- GOAL OF THE EXERCISE -
Below are lines of data; restate word for word those running from the line containing "Відома спортсменка з Волині стала мамою" to the line containing "Andrey Tolshin", inclusive, and no others.
· · ·
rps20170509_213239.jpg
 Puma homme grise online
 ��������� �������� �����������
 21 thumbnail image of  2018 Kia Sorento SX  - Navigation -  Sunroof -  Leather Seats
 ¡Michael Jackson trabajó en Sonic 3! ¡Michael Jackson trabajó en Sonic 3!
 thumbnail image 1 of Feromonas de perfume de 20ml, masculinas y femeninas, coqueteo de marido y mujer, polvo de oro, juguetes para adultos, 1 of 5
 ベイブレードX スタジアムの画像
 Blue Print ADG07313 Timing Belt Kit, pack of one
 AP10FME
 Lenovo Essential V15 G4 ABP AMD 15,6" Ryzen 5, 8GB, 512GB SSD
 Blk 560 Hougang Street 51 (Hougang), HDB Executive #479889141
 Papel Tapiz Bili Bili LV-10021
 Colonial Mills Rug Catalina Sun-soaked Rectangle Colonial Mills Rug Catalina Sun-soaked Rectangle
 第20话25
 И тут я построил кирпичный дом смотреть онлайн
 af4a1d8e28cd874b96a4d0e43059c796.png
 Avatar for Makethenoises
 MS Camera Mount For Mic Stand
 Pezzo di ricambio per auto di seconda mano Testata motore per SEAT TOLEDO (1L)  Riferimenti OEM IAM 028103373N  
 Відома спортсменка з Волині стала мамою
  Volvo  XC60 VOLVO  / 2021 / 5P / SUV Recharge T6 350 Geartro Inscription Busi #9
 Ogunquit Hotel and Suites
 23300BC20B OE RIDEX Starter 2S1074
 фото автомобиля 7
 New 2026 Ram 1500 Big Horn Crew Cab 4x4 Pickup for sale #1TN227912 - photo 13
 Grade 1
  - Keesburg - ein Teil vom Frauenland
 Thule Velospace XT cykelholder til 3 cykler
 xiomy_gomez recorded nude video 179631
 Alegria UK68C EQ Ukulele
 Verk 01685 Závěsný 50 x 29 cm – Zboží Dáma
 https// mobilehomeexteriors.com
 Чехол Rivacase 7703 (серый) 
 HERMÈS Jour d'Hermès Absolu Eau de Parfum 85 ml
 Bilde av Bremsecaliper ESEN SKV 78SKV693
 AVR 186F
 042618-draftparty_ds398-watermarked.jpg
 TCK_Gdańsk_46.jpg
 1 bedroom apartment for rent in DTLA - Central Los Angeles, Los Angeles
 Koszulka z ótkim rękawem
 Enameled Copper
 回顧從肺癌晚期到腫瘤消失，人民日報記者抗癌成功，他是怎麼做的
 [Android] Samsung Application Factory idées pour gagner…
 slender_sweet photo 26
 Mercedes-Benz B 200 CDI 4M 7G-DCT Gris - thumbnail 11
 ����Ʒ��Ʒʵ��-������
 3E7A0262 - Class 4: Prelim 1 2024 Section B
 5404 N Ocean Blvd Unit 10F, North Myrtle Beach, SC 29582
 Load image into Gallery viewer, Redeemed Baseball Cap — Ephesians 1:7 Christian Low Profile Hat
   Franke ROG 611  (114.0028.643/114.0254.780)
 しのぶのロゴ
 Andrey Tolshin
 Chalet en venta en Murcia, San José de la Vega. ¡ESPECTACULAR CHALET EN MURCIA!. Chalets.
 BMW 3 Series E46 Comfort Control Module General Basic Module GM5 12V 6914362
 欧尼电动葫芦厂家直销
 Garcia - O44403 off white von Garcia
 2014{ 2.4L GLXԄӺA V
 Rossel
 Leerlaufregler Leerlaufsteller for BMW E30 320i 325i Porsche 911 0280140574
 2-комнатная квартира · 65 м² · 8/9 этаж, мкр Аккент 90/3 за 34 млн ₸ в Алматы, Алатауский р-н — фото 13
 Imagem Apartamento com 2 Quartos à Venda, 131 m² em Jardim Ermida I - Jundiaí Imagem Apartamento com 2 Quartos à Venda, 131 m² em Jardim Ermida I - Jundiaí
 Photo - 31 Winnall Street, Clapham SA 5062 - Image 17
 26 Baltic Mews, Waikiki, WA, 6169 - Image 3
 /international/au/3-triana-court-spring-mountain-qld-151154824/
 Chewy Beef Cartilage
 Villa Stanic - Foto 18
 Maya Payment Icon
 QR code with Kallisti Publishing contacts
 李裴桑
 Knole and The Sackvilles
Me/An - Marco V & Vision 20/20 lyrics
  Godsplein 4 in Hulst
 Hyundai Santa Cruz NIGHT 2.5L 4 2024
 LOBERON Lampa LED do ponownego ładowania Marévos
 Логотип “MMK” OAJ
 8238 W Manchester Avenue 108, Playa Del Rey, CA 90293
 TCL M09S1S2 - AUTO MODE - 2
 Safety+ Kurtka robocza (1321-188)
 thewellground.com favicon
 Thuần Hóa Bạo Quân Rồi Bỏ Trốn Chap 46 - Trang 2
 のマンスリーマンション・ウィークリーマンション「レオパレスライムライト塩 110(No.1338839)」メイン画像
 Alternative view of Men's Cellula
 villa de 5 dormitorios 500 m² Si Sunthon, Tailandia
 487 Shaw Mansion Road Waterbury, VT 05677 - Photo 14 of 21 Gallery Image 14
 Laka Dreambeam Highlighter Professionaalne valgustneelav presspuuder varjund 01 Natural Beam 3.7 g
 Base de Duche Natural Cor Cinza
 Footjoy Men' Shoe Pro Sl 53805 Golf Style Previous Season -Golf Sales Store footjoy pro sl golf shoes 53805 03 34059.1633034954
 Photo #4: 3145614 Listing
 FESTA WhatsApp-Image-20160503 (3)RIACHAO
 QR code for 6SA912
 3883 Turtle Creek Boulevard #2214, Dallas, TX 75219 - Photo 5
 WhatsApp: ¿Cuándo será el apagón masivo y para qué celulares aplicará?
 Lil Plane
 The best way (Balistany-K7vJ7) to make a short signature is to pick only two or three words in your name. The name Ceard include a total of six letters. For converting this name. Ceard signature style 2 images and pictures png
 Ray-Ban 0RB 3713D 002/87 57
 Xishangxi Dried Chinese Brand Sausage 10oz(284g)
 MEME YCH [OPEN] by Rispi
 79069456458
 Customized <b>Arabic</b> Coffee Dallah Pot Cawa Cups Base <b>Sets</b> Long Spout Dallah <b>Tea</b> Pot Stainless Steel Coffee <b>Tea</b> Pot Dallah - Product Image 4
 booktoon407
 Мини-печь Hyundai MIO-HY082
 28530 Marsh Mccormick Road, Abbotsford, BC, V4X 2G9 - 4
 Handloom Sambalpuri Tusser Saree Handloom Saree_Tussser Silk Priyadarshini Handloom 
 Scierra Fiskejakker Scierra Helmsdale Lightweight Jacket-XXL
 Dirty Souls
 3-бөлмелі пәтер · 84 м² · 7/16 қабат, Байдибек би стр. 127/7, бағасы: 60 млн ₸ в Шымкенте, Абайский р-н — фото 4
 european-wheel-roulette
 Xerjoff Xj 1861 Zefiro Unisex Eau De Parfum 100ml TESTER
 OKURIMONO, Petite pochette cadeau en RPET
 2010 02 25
· · ·
- TASK SOLUTION -
 Відома спортсменка з Волині стала мамою
  Volvo  XC60 VOLVO  / 2021 / 5P / SUV Recharge T6 350 Geartro Inscription Busi #9
 Ogunquit Hotel and Suites
 23300BC20B OE RIDEX Starter 2S1074
 фото автомобиля 7
 New 2026 Ram 1500 Big Horn Crew Cab 4x4 Pickup for sale #1TN227912 - photo 13
 Grade 1
  - Keesburg - ein Teil vom Frauenland
 Thule Velospace XT cykelholder til 3 cykler
 xiomy_gomez recorded nude video 179631
 Alegria UK68C EQ Ukulele
 Verk 01685 Závěsný 50 x 29 cm – Zboží Dáma
 https// mobilehomeexteriors.com
 Чехол Rivacase 7703 (серый) 
 HERMÈS Jour d'Hermès Absolu Eau de Parfum 85 ml
 Bilde av Bremsecaliper ESEN SKV 78SKV693
 AVR 186F
 042618-draftparty_ds398-watermarked.jpg
 TCK_Gdańsk_46.jpg
 1 bedroom apartment for rent in DTLA - Central Los Angeles, Los Angeles
 Koszulka z ótkim rękawem
 Enameled Copper
 回顧從肺癌晚期到腫瘤消失，人民日報記者抗癌成功，他是怎麼做的
 [Android] Samsung Application Factory idées pour gagner…
 slender_sweet photo 26
 Mercedes-Benz B 200 CDI 4M 7G-DCT Gris - thumbnail 11
 ����Ʒ��Ʒʵ��-������
 3E7A0262 - Class 4: Prelim 1 2024 Section B
 5404 N Ocean Blvd Unit 10F, North Myrtle Beach, SC 29582
 Load image into Gallery viewer, Redeemed Baseball Cap — Ephesians 1:7 Christian Low Profile Hat
   Franke ROG 611  (114.0028.643/114.0254.780)
 しのぶのロゴ
 Andrey Tolshin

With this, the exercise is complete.